Dijkgraaf

msg:1528815 | 8:44 pm on May 18, 2006 (gmt 0) |
No, wildcards aren't part of the standerd and not supported by most bots. However in your example you could disallow disallow: /page.asp?page or even disallow: /page.asp? which would allow /page.asp but not allow /page.asp?page=1 etc. because they disallow rule will disallow any URL begining what you specify.
|
Reid

msg:1528816 | 6:43 am on May 30, 2006 (gmt 0) |
wildcards are valid in User-agent and for googlebot they are valid in the Disallow User-agent:googlebot Disallow:/page.asp?* User-agent:* Disallow: This will allow all for all user agents except googlebot which will disallow all page.asp with a?

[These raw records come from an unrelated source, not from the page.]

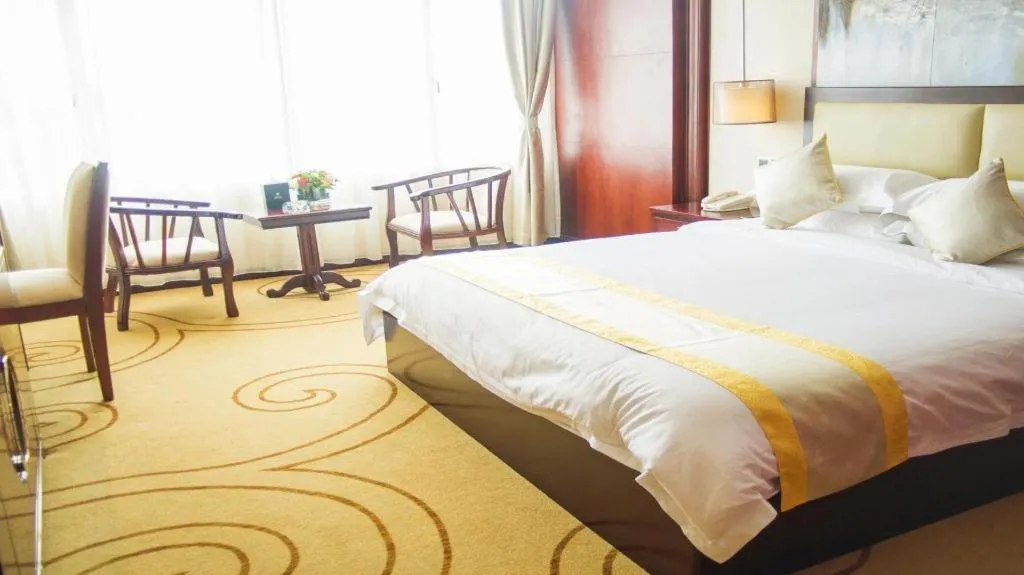 Bed in Grand Szechuan Hotel Vientiane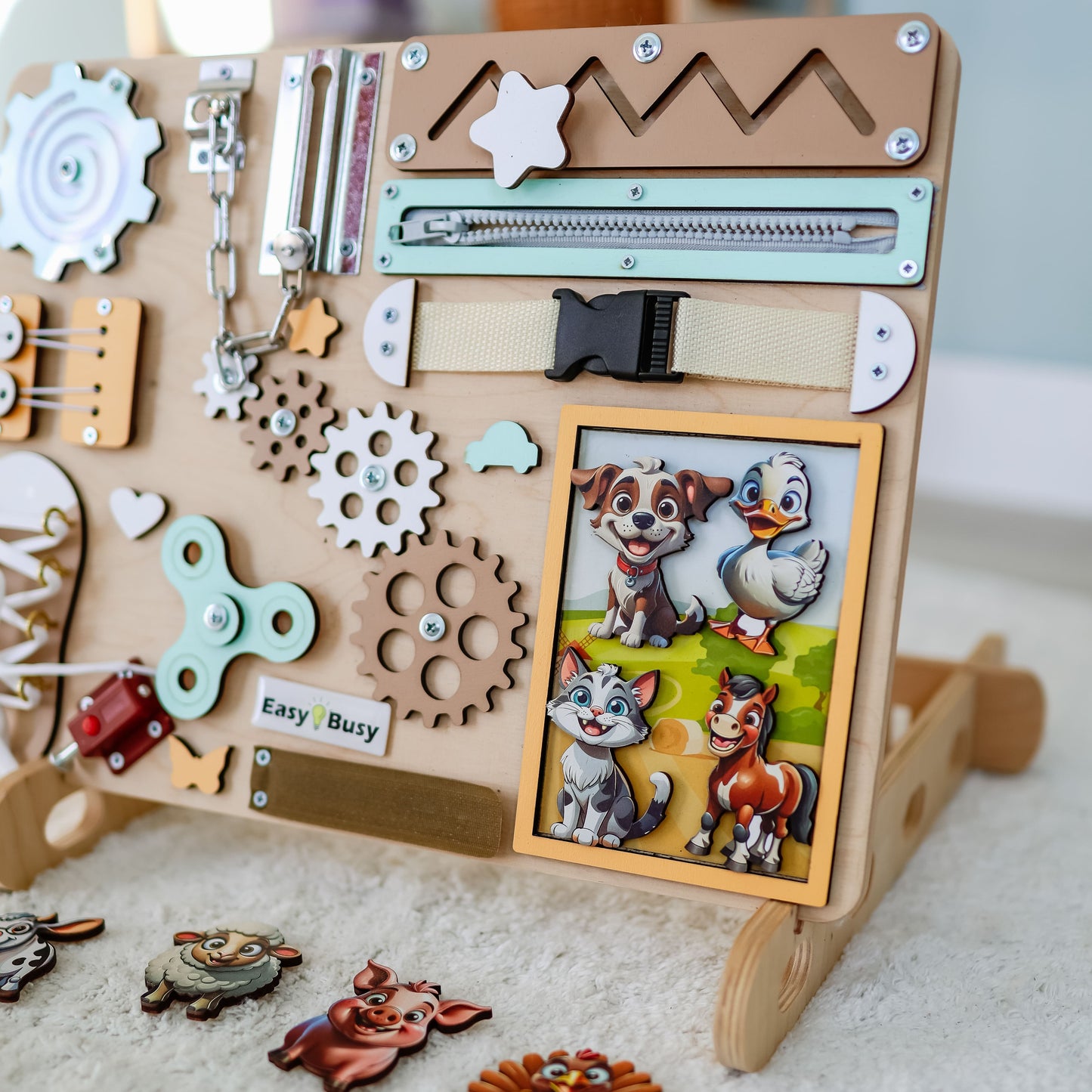Montessori sensory play board featuring cows, sheep, and chickens"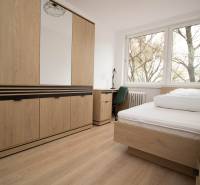 Bedroom in a 3-room apartment with a bed, wardrobe, and floor with wooden decor.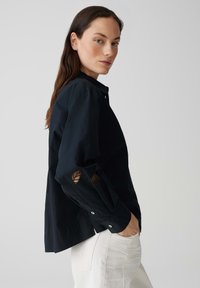 Black button-up shirt with long sleeves, featuring cut-out leaf patterns at the elbows, made of lightweight fabric, paired with light pants.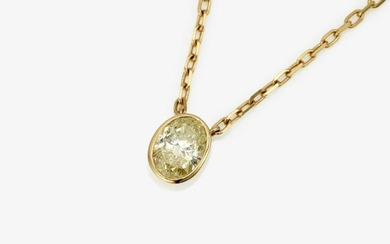 A pendant necklace with an oval diamond solitaire in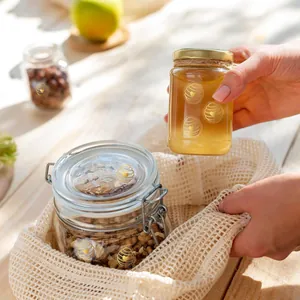 Close-up of gold foil beehive heart stickers applied to glass honey jars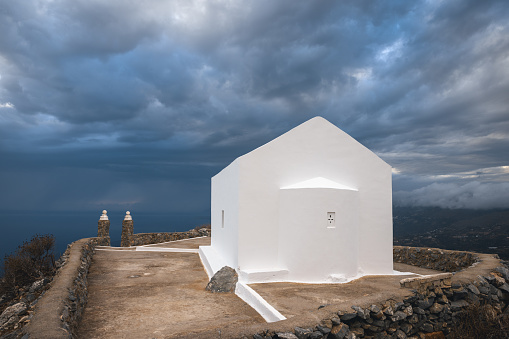 White Timios Stavros church on top of the mountain above Plakias, Crete.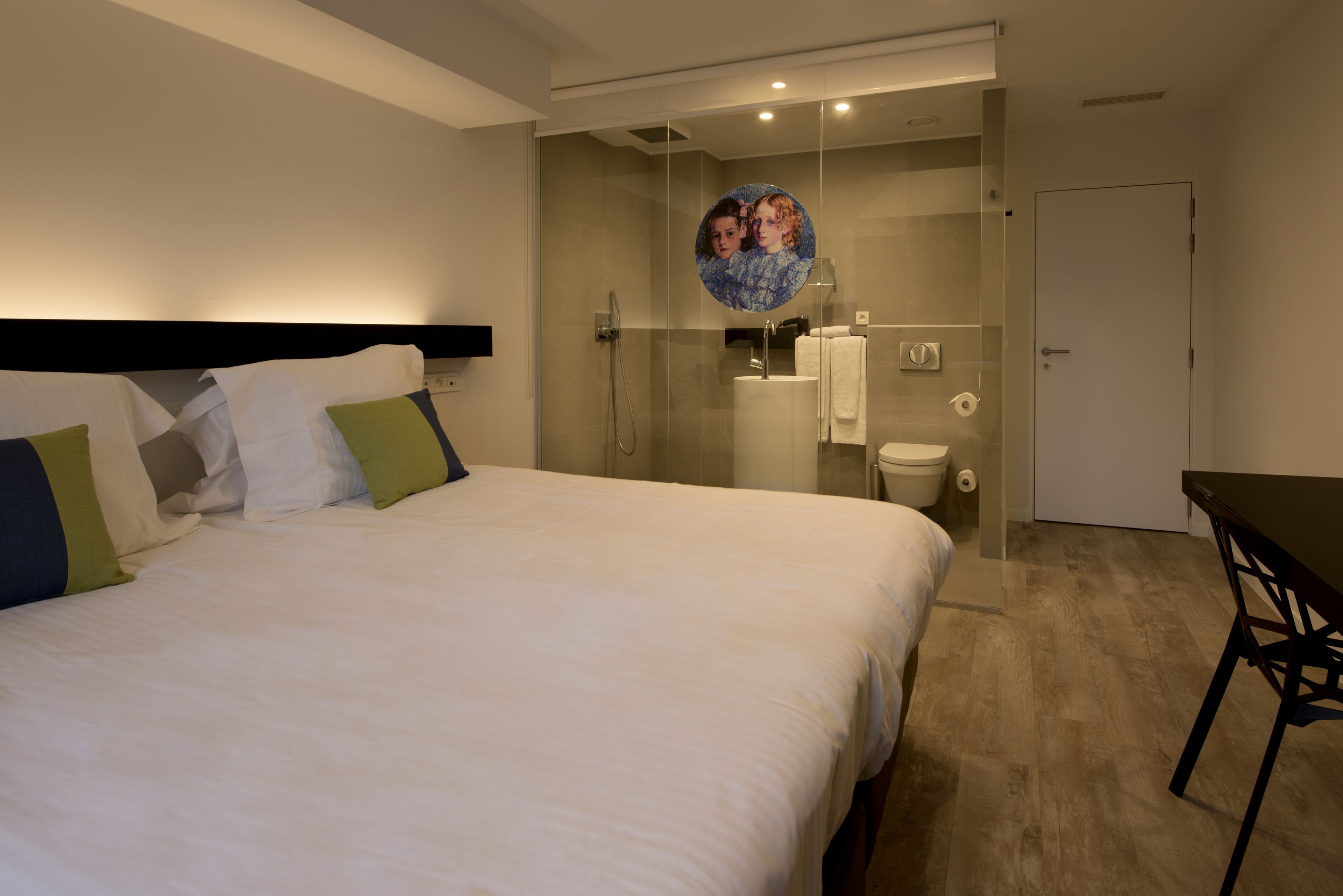 A hotel room with a bed, a desk, and a glass-enclosed shower area.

Make sure you use the googlebot directive first else googlebot will follow the User-agent:* directive.
|
Pfui

msg:1528817 | 8:58 pm on May 30, 2006 (gmt 0) |
1.) For any newcomers following along, be sure you include a space after any colon: User-agent: Badbot Disallow: /file.html Disallow: /directory 2.) A blank Disallow is the same as saying Allow. Adding a forward slash will turn away all crawlers inclined to heed the most basic robots.txt: User-agent: * Disallow: / 3.) Nowadays bots' preferences can be (head-bangingly) unique and specific, so it's always a good idea to go to the source: [search.msn.com...] See also: EXAMPLES [search.msn.com] (including wildcards) [robotstxt.org...] [google.com...] See also: EXAMPLES [google.com] (including wildcards)
|
Pfui

msg:1528818 | 9:03 pm on May 30, 2006 (gmt 0) |
4.) Googlebot's info doesn't have to come first. From the EXAMPLES page, above: When creating your robots.txt file, please keep the following in mind: When deciding which pages to crawl on a particular host, Googlebot will obey the first record in the robots.txt file with a User-agent starting with "Googlebot." If no such entry exists, it will obey the first entry with a User-agent of "*". (Odd. I coudn't edit my just-made post to add that bit.)
|
Reid

msg:1528819 | 11:40 pm on May 30, 2006 (gmt 0) |
I've seen other posts on WW of people having problems with googlebot using the wrong directive, turns out they had Uaser-agent: * before User-agent: googlebot it's always safe to assume that any bot will follow the first valid directive it finds so User-Agent: * should always be at the end of the robots.txt file (meaning all bots that have not been named directly) Just good code practice anyway.
|
Reid

msg:1528820 | 12:05 am on May 31, 2006 (gmt 0) |
I just took a closer look at the examples here from MSN and Google. You have to be careful | Googlebot will obey the first record in the robots.txt file with a User-agent starting with "Googlebot." If no such entry exists, it will obey the first entry with a User-agent of "*". |
| This statement , if read carefully does not say what will happen when BOTH directives are used. Bots do not double back and check the robots.txt file twice, it will likely follow the first valid directive, either User-Agent: * or User-agent: googlebot (whichever comes first) Also the MSN example does NOT say that psbot will recognize any * and for MSNbot it ONLY shows the file extension wildcard (note that $ must be present) it does not say that MSNbot allows the use of wildcards in any other way than with file extensions. Example Disallow: *.gif$ ($ must be used)
|
Pfui

msg:1528821 | 12:53 am on May 31, 2006 (gmt 0) |
FWIW, my robots.txt files (multiple sites) begin with the generic block -- User-agent: * Disallow: / -- followed by all other entries in alphabetical order, some very detailed (msnbot, Googlebot, Slurp), some simple. All specifically identified major SE bots find 'their' instructions and follow them 99% of the time. Now if only they'd all follow the same conventions! (See: AdsBot-Google's robots.txt specs [webmasterworld.com].)
|
|